Le 31 décembre, il reçoit une première lettre d'André Gide, qui sera l'un de ses plus fervents admirateurs. Cette correspondance se poursuivra jusqu'en 1950 (56 lettres inventoriées).

1939 (19 avril)
Naissance, à Uccle-lez-Bruxelles, de Marc Jean Chrétien Simenon, fils de Georges et de Tigy. Son parrain est le professeur Lucien Pautrier de Strasbourg ; sa marraine Edwige de Vlaminck, fille du peintre.

1940
En mai, la mobilisation générale est décrétée en Belgique. Simenon est nommé haut commissaire aux réfugiés belges pour le département de Charente-Inférieure. Durant cette mission, qui durera trois mois, il sera la cheville ouvrière d'une opération de sauvetage de quelque 18'000 compatriotes.

1942  
Simenon est accusé d'avoir des origines juives par le commissariat aux affaires juives.
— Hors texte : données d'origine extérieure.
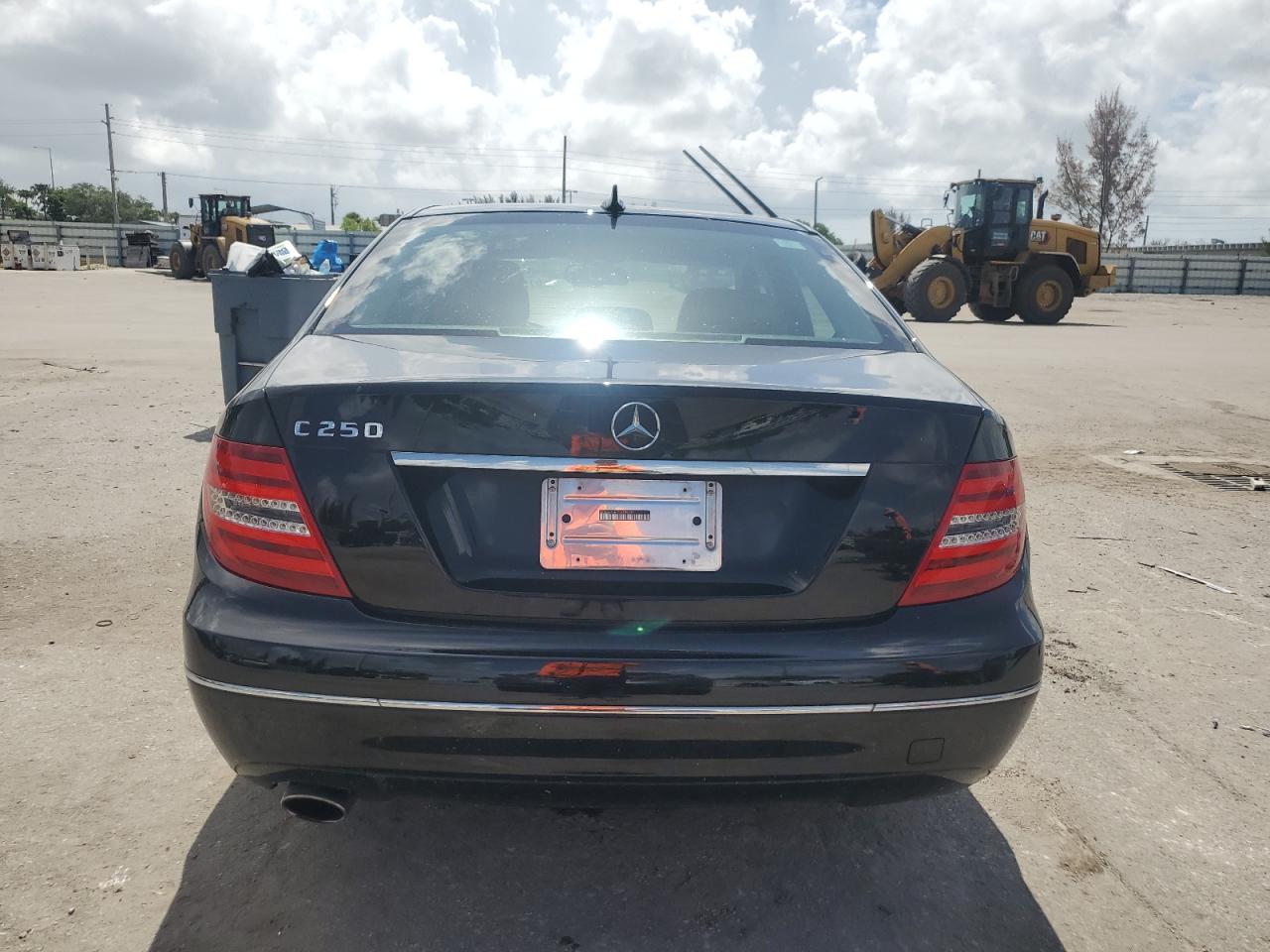 2013 Mercedes-Benz C 250 VIN: WDDGF4HB7DA789618 Lot: 65025555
Il sera sauvé par sa mère, qui lui fait parvenir les documents généalogiques nécessaires.

1943
Simenon vend tous ses manuscrits aux enchères pour venir en aide aux réfugiés de guerre.

1944  
En convalescence durant l'automne et l'hiver aux Sables-d'Olonne à la suite d'une pleurésie, Simenon relit tout Balzac, tout Zola, tout Proust, ainsi que la Bible et les Evangiles.


  Simenon en 1945.
Portrait non signé (Fonds Simenon, Liège, Belgique).
In Simenon, de Stanley Eskin (Paris, Presses de la Cité, 1990).


1945  
Simenon rompt avec Gallimard au profit des jeunes Presses de la Cité, fondées par Sven Nielsen, avec lequel il entretiendra une solide amitié.

Aux Presses de la Cité, Simenon donnera 141 titres (dont 50 « Maigret » , 60 romans dits de la destinée).
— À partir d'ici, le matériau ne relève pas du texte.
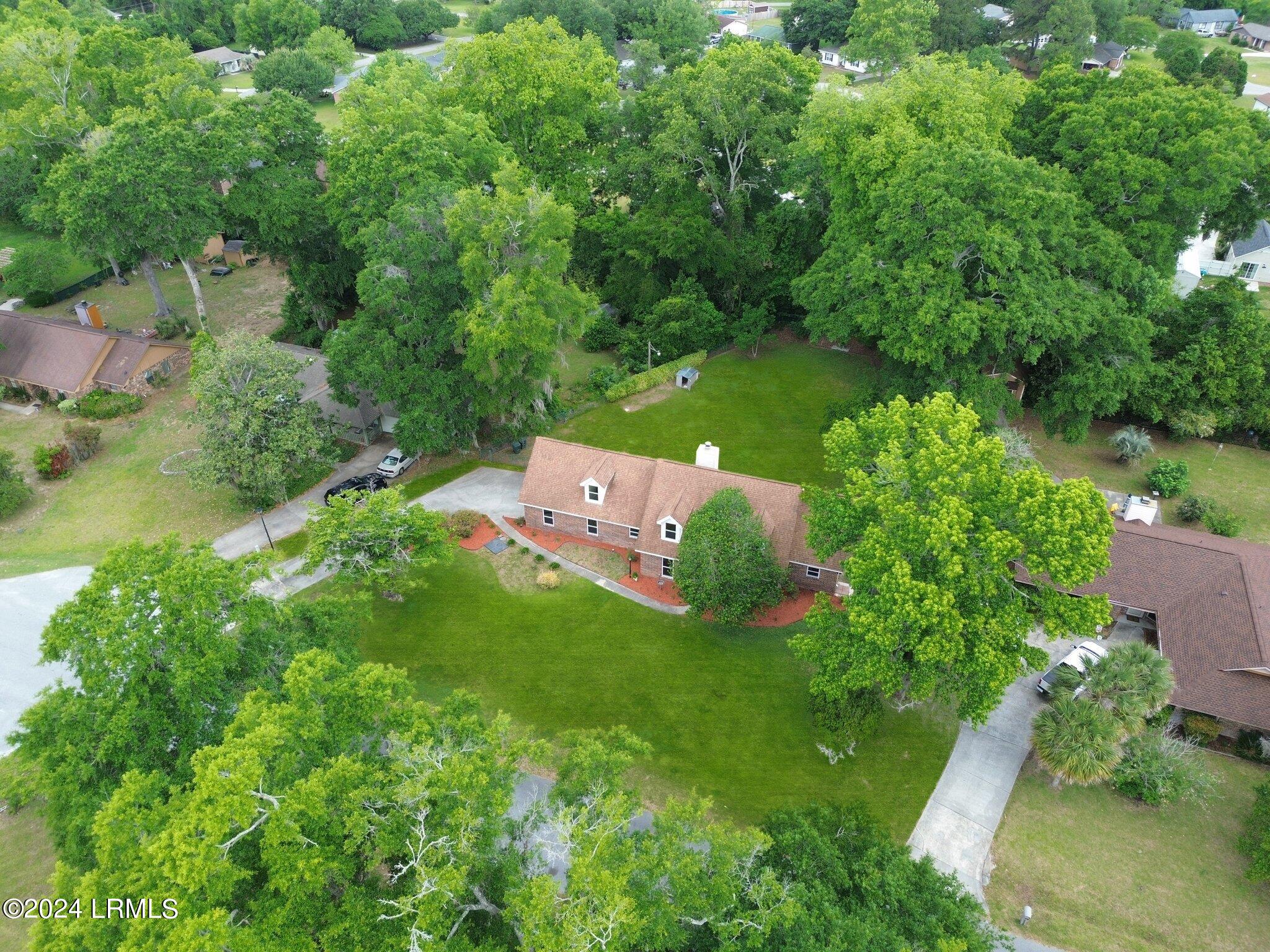 11 Chesterfield Drive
Durant l'été, sur un banc de la place des Vosges, brève rencontre entre Simenon et son frère Christian, gravement compromis dans la collaboration depuis 1941 et qui vient d'être condamné à mort par contumace par le Conseil de guerre de Charleroi. A ce frère traqué, Simenon conseille de s'engager dans la Légion étrangère, ce qu'il fait sous le nom de Christian Renaud.

Le 5 octobre, Simenon arrive à New York avec Tigy et Marc (Boule ne pourra les rejoindre que plus tard).

Le 5 novembre, il rencontre Denyse Ouimet, qu'il engage en qualité de secrétaire bilingue. Elle sera aussitôt sa maîtresse (Simenon découvre le grand amour) et deviendra en 1950 sa seconde femme et la mère de trois de ses quatre enfants.

Jusqu'en 1955, Simenon séjournera aux Etats-Unis qui serviront de cadre à plusieurs romans, tels Trois chambres à Manhattan (1946, inspiré par la rencontre avec Denyse Ouimet et qui sera tiré à 525'000 exemplaires rien qu'en français), Feux rouges (1953) ou L'horloger d'Everton (1954).